IndicTransToolkit (from GitHub: VarunGumma/IndicTransToolkit) — preprocessing/postprocessing for IndicTrans2
transformers — model loading and inference
gradio — web UI
spaces — HuggingFace Spaces GPU allocation (@spaces.GPU decorator)
torch — GPU inference with bfloat16/float16 optimization

Running Locally

pip install -r requirements.txt
python app.py

Requires CUDA GPU for reasonable performance (falls back to CPU with float32). Set environment variables USERNAME and PASSWORD for authentication credentials.

Deployment

Deployed as a HuggingFace Space. Configuration in config.yaml specifies Gradio SDK, T4-small GPU, and small storage. Git LFS configured in gitattributes for model weight files.

Key Design Decisions

No test suite: Manual testing only.
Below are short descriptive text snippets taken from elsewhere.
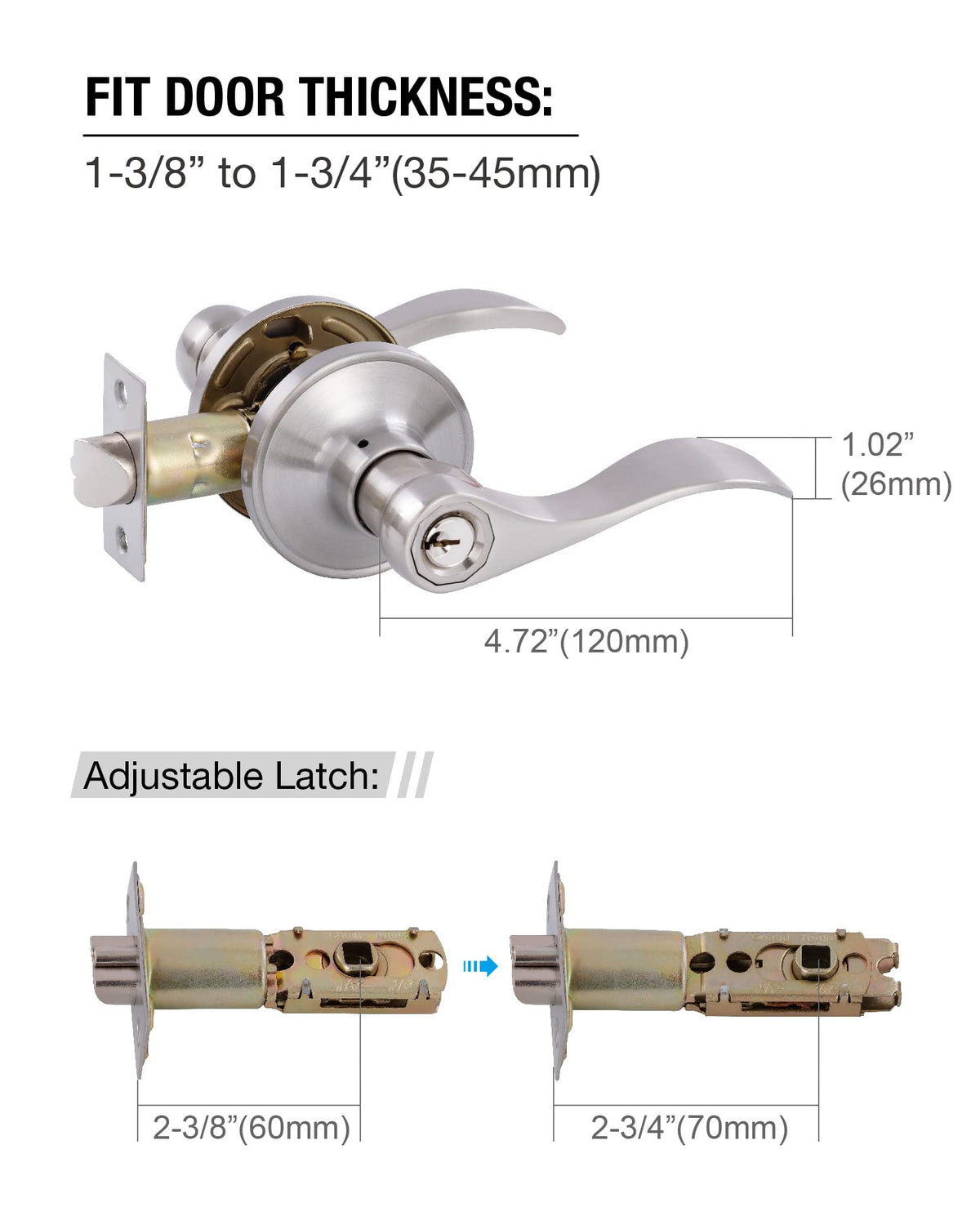 GITRANG classic wavy doorstem in satin nickel adds timeless decor appeal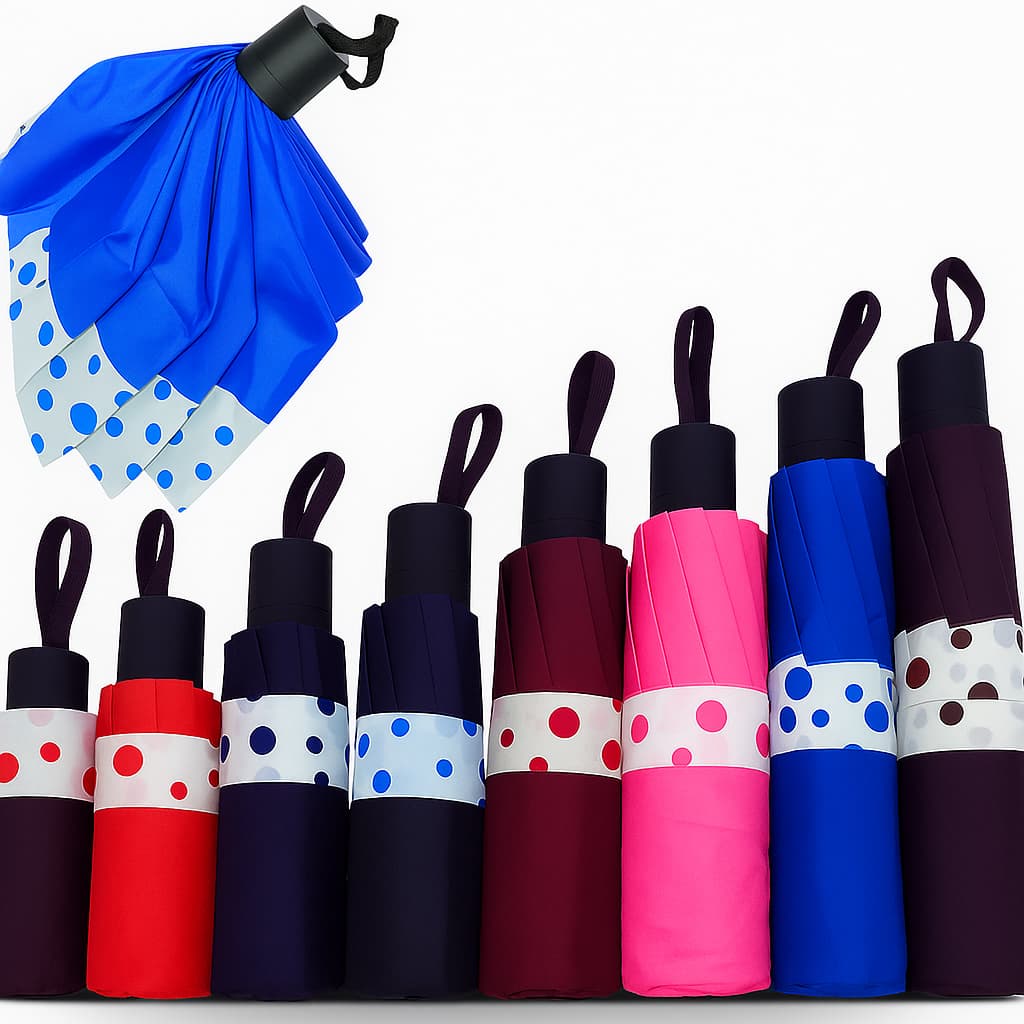 KIT 10 Guarda Chuva Sombrinha Grande Reforçado de bolsa Feminino Masculino 10 varetas com Bolinhas Poa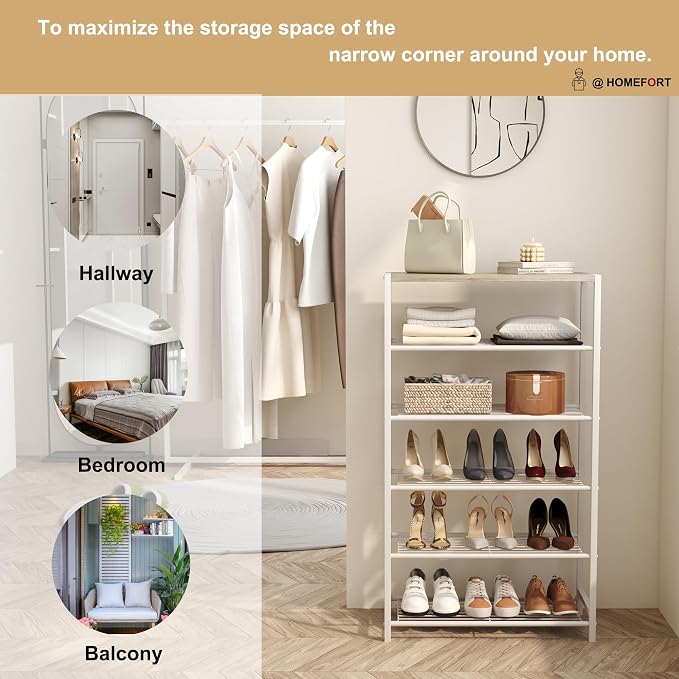HOMEFORT Shoe Rack 6-Tier, Shoe Storage Shelf, Industrial Shoe Tower, Narrow - Image 4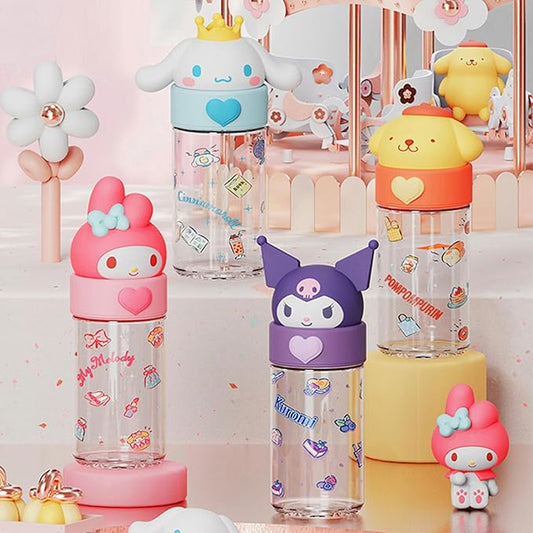 360ML/12.2OZ Cute Glass Water Bottle, Cute Portable Sports Leakproof Water Cup, Cute Glass Water Bottle for School, Camping,Traveling,Office,Car,Girls(White)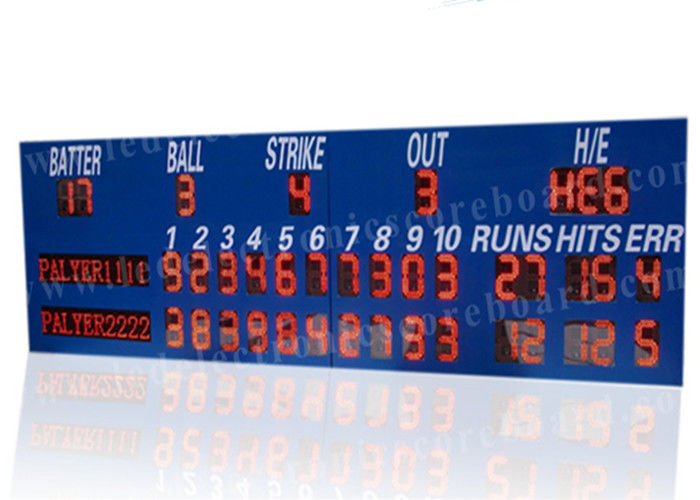 Professional LED Baseball Scoreboard With Blue Frame Cabinet 1400mm*3800mm*100mm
Changes should be verified by running the app locally.
GPU optimization: Uses device_map="auto" with accelerate, bfloat16 when supported, torch.compile when not using device_map, and torch.inference_mode() for generation.
Batch translation fallback: If a batch fails, retries each sentence individually (lines 387-428).
DOCX formatting preservation: Extracts paragraph-level and run-level formatting from source documents and applies "dominant formatting" (majority vote on bold/italic/underline, most common font) to translated output.